Collection entries –
****************************************

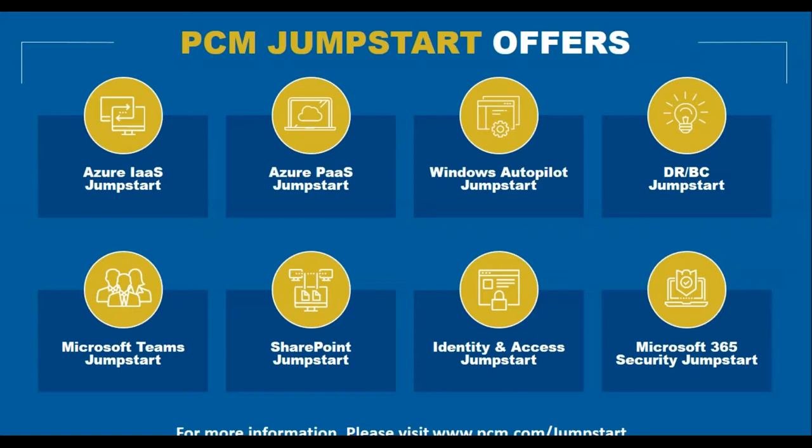Our Microsoft Teams Jumpstart helps with the transition away from Skype for Business into Microsoft Teams — a hub for collaboration across your organization and Microsoft 365. We'll tell you how to make that transition, and leave you with a Teams environment and a set of users who can help evangelize the technology throughout your organization and demonstrate how powerful a tool Teams can be.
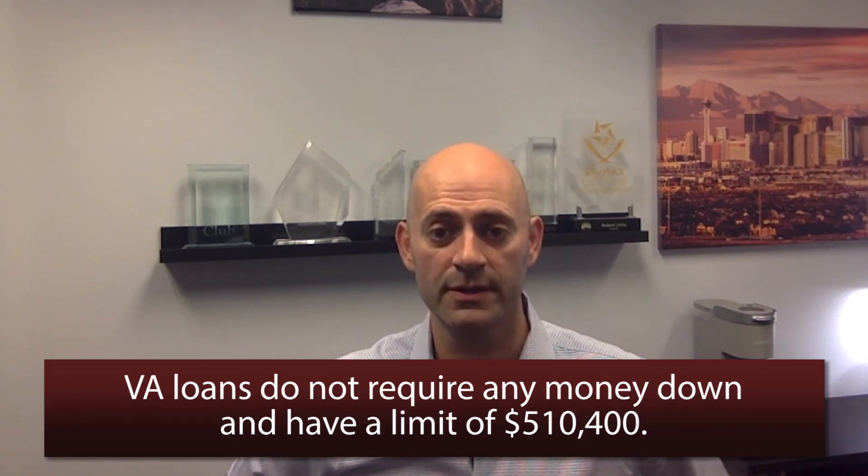The next major loan type is a VA loan. A VA loan is offered to U.S. military veterans or active duty, and it's a no-money-down loan. The current limit for a VA guaranteed loan in Clark County is $510,400. A VA loan is great — it allows the veteran to get in with no money down. The only downside of a VA loan is what's called a funding fee. VA does add a percentage of the loan amount on top of the loan, called a funding fee, that is financed over the life of the loan.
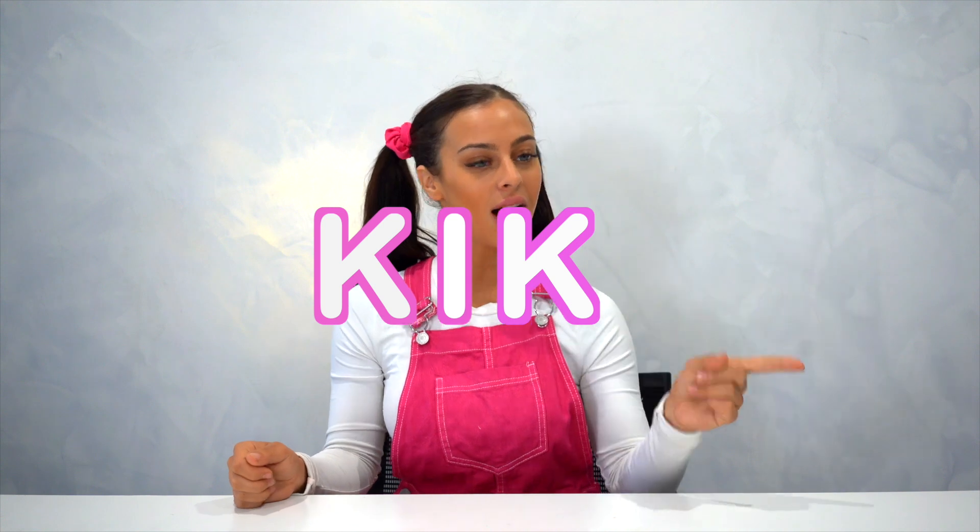Remember to watch Kiki — K-I-K-I. See you next time, friends.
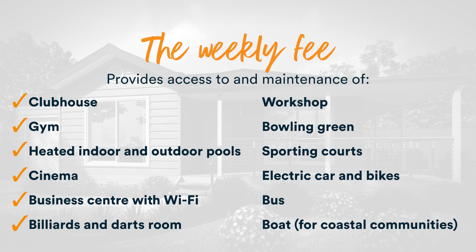The site fee gives people full use of the community facilities, which typically includes your gym, pool, clubhouse, cinema, and all of the outdoor facilities too.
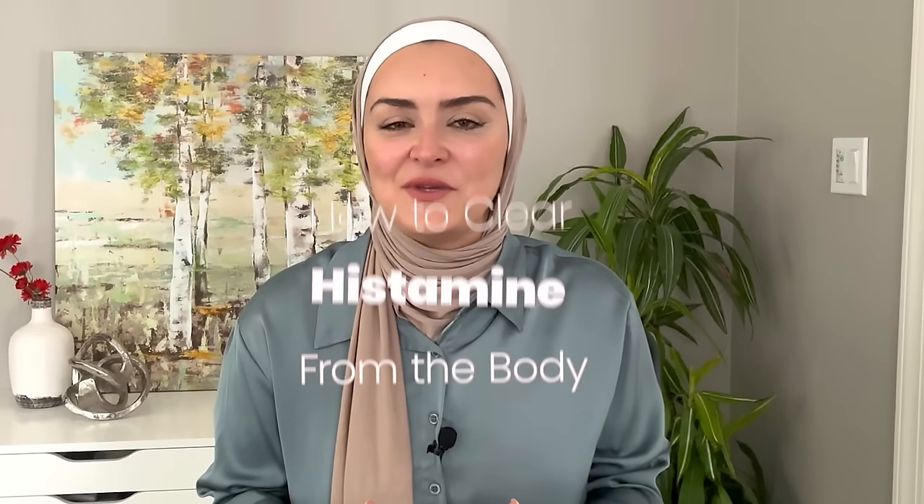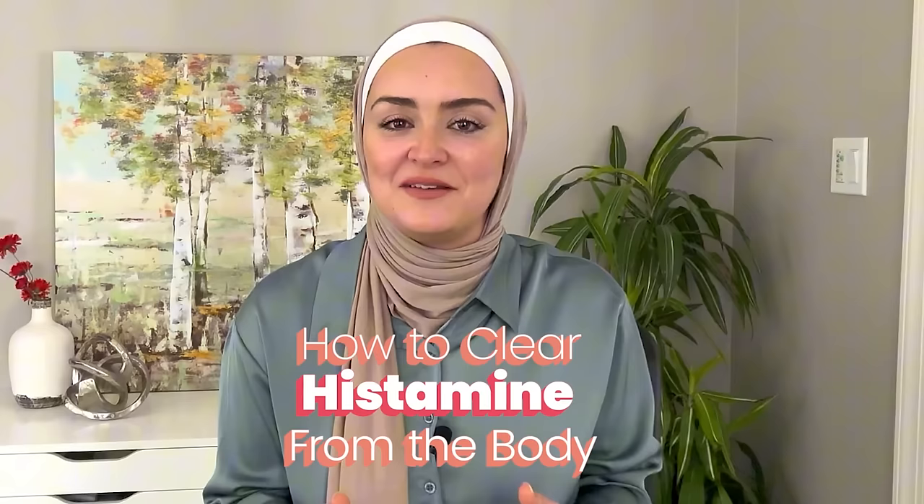How to get rid of histamine intolerance without just depending on an antihistamine medication. My name is Noor Zabdeh. I am a functional and integrative dietician and I help people overcome digestive and inflammatory conditions using diet, lifestyle, and supplements. And today we are going to talk about histamine intolerance.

****************************************

Problem details – Print the records above verbatim, minus any pictures.

Response to the exercise –
Our Microsoft Teams Jumpstart helps with the transition away from Skype for Business into Microsoft Teams — a hub for collaboration across your organization and Microsoft 365. We'll tell you how to make that transition, and leave you with a Teams environment and a set of users who can help evangelize the technology throughout your organization and demonstrate how powerful a tool Teams can be.
The next major loan type is a VA loan. A VA loan is offered to U.S. military veterans or active duty, and it's a no-money-down loan. The current limit for a VA guaranteed loan in Clark County is $510,400. A VA loan is great — it allows the veteran to get in with no money down. The only downside of a VA loan is what's called a funding fee. VA does add a percentage of the loan amount on top of the loan, called a funding fee, that is financed over the life of the loan.
Remember to watch Kiki — K-I-K-I. See you next time, friends.
The site fee gives people full use of the community facilities, which typically includes your gym, pool, clubhouse, cinema, and all of the outdoor facilities too.
How to get rid of histamine intolerance without just depending on an antihistamine medication. My name is Noor Zabdeh. I am a functional and integrative dietician and I help people overcome digestive and inflammatory conditions using diet, lifestyle, and supplements. And today we are going to talk about histamine intolerance.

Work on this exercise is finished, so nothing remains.